## Exercise requirements
From the line that contains "Slika 7 - VW" down to the last line of the data below, restate every line word for word, skipping any images.

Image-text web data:
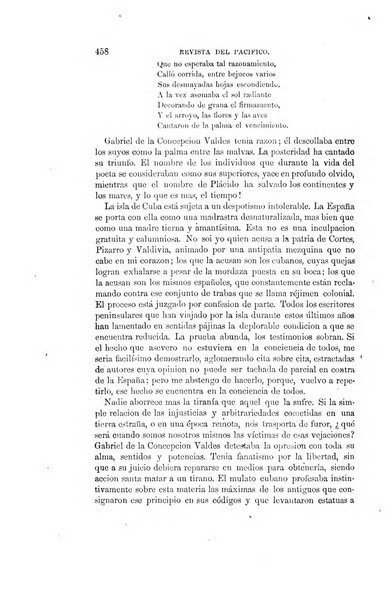 Revista del Pacifico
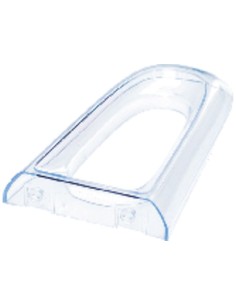 DEF SOPORTE PIE CORTO LITLOC DE7719001-B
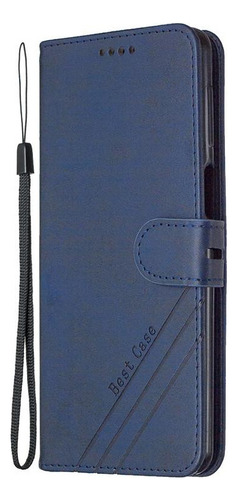 B Funda Para Teléfono Motorola Moto G73 G13 G23 G53 G72 G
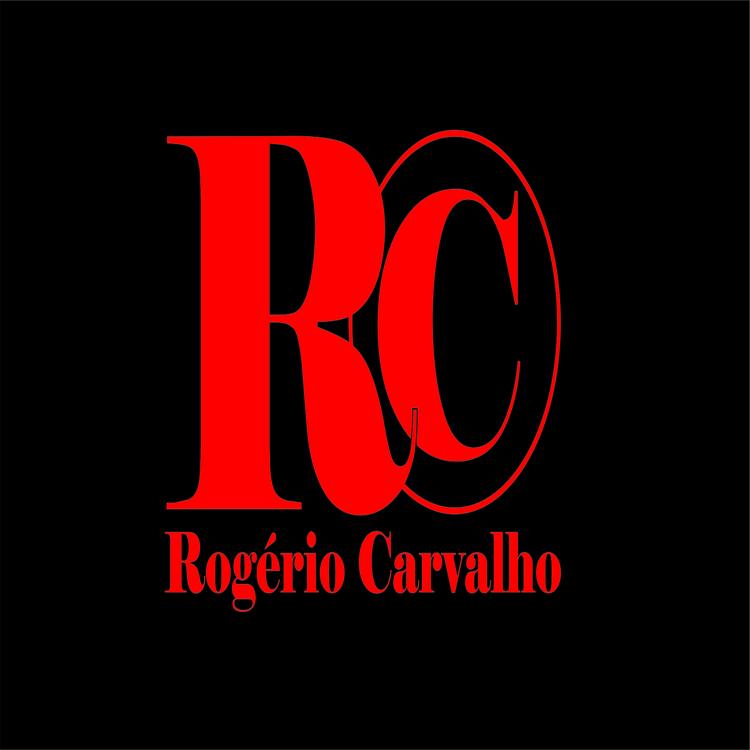 Rogério Carvalho's avatar image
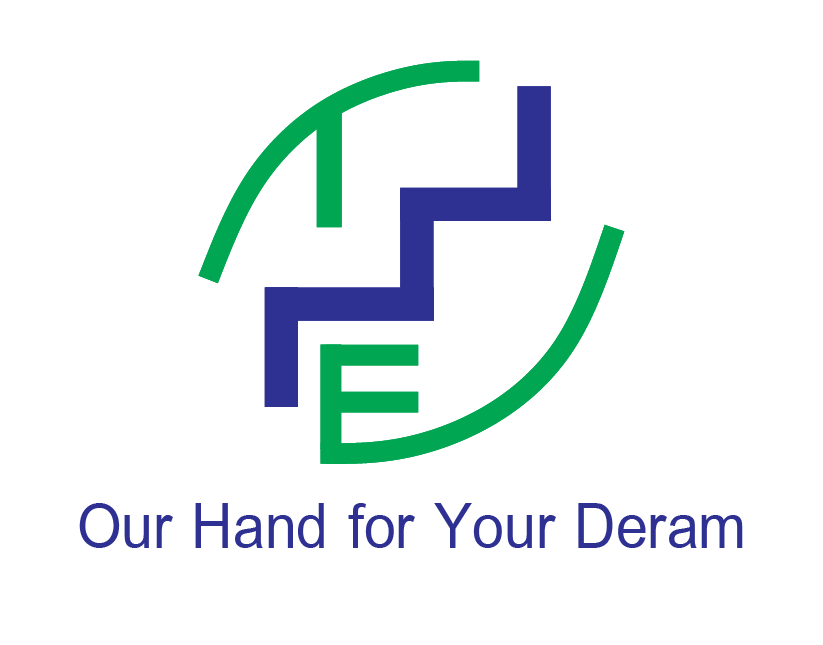 test Site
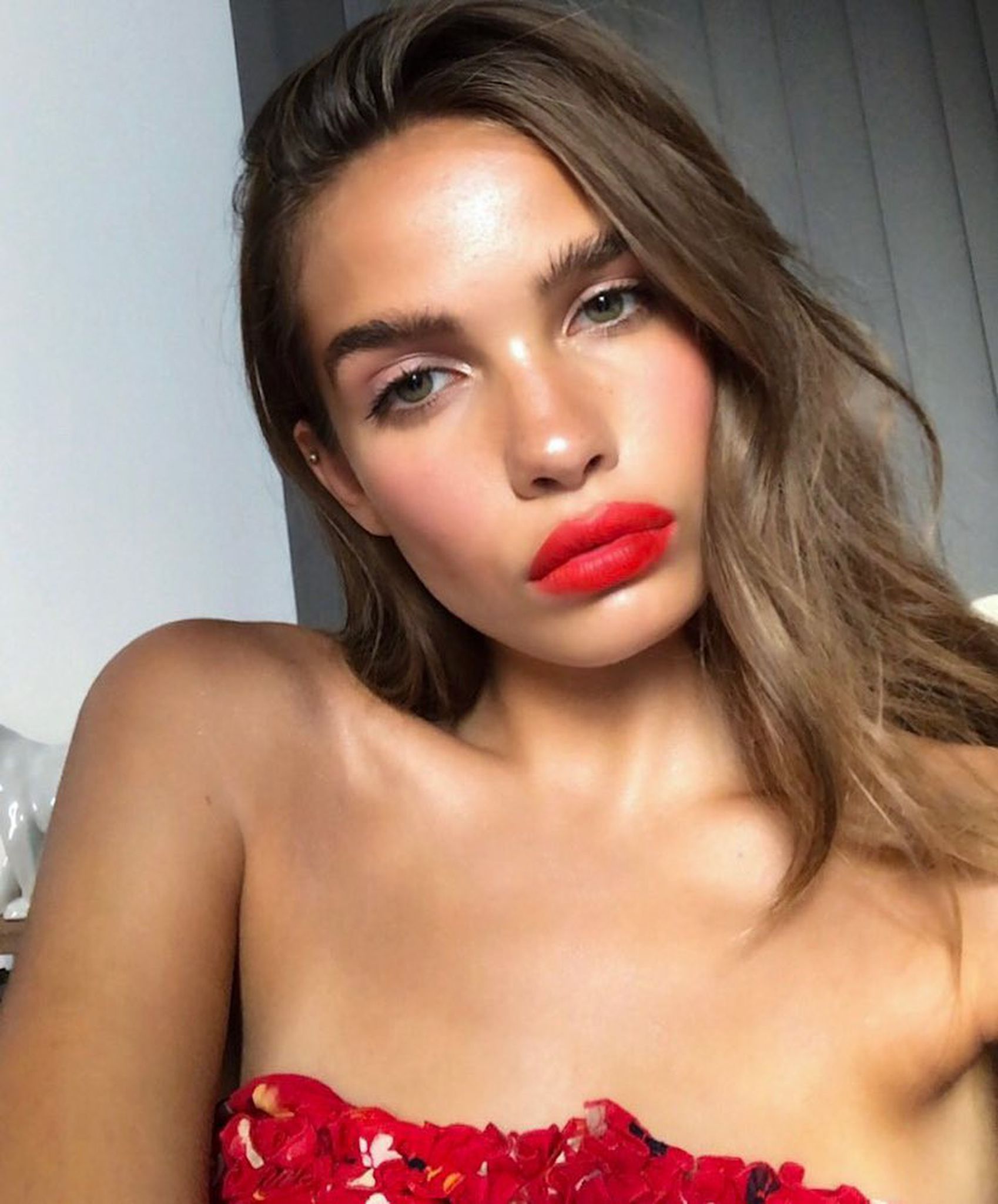 Leaked Anna Sharypova nude (13 photo), Pussy, Sideboobs, Selfie, swimsuit 2019 Leaked Anna Sharypova nudes (63 photos), Pussy, Sideboobs, Selfie, butt 2020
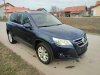 Slika 7 - VW Tiguan 1.4 TSI  - MojAuto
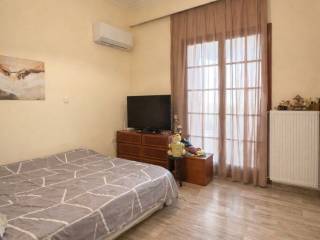 Apartment - Grekodom 65107|1041771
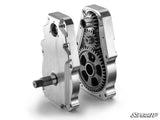 Kawasaki Teryx 8" Portal Gear Lift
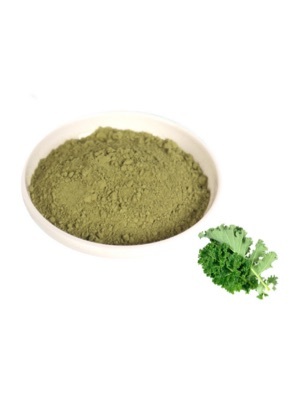 Kale Juice Powder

## Problem solution
 Slika 7 - VW Tiguan 1.4 TSI  - MojAuto
 Apartment - Grekodom 65107|1041771
 Kawasaki Teryx 8" Portal Gear Lift
 Kale Juice Powder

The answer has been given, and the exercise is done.